#### [ACTIVITY]
Look through the data below for the line with "Sites similar to trade2win.com", and transcribe it exactly together with each line after it up to and including the line with "Plot-20160719-21858-1o4c6mv-0". Give nothing else.

#### [DATA EXCERPTS]
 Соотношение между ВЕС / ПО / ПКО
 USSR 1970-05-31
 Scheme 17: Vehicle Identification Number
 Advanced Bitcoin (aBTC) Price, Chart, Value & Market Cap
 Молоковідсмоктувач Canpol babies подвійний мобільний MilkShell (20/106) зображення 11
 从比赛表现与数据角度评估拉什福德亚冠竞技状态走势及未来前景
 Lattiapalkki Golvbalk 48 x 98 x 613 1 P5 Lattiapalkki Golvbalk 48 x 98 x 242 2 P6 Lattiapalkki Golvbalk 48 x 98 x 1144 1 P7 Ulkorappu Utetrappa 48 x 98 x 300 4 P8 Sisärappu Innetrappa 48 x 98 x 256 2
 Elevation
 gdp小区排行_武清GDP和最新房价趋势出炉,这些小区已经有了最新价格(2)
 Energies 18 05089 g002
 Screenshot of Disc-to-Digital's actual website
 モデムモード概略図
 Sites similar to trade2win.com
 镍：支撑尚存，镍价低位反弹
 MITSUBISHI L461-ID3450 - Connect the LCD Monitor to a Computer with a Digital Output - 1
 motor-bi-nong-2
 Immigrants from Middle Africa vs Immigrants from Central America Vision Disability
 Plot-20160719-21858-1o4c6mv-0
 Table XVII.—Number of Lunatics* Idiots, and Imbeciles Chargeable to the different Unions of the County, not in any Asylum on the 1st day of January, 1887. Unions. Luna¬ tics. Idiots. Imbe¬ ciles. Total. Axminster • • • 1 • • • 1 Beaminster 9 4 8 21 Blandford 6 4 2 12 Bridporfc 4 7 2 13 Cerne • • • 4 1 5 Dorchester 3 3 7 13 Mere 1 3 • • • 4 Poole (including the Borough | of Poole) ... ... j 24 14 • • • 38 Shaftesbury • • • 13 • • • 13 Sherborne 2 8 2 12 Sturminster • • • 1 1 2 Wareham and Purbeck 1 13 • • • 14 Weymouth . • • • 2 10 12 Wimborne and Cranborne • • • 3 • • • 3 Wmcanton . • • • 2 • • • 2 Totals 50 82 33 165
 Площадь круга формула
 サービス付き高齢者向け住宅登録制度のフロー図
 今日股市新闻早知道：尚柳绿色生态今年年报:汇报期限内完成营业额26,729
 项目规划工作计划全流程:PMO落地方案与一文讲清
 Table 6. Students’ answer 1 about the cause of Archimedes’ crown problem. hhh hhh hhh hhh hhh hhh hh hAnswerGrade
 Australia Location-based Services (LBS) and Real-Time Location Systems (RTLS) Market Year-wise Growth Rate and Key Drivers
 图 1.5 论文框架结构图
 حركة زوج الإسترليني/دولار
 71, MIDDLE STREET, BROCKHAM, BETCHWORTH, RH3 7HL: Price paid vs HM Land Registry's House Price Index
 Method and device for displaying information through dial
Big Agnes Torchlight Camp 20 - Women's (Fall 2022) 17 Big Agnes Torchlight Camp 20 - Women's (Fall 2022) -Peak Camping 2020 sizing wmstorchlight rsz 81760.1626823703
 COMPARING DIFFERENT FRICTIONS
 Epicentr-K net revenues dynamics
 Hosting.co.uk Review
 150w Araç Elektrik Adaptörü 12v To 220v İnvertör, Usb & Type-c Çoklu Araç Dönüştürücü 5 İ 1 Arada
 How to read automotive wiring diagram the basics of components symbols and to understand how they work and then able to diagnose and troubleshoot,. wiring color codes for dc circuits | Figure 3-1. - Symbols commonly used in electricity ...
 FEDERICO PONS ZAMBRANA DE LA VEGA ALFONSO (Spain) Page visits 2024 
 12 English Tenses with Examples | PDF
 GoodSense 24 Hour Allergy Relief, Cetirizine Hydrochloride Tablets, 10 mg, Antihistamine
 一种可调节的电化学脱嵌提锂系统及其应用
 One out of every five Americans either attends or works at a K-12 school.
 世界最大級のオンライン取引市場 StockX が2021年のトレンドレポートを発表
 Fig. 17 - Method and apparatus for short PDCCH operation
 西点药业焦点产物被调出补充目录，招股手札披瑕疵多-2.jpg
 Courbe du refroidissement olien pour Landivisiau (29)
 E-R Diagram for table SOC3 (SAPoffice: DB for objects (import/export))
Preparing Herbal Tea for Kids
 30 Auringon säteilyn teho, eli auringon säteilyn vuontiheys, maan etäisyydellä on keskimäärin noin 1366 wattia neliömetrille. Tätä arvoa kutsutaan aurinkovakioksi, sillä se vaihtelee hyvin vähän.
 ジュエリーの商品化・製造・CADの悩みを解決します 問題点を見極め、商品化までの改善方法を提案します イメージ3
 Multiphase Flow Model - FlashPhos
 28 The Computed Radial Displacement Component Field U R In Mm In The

#### [ANSWER TO THIS TASK]
 Sites similar to trade2win.com
 镍：支撑尚存，镍价低位反弹
 MITSUBISHI L461-ID3450 - Connect the LCD Monitor to a Computer with a Digital Output - 1
 motor-bi-nong-2
 Immigrants from Middle Africa vs Immigrants from Central America Vision Disability
 Plot-20160719-21858-1o4c6mv-0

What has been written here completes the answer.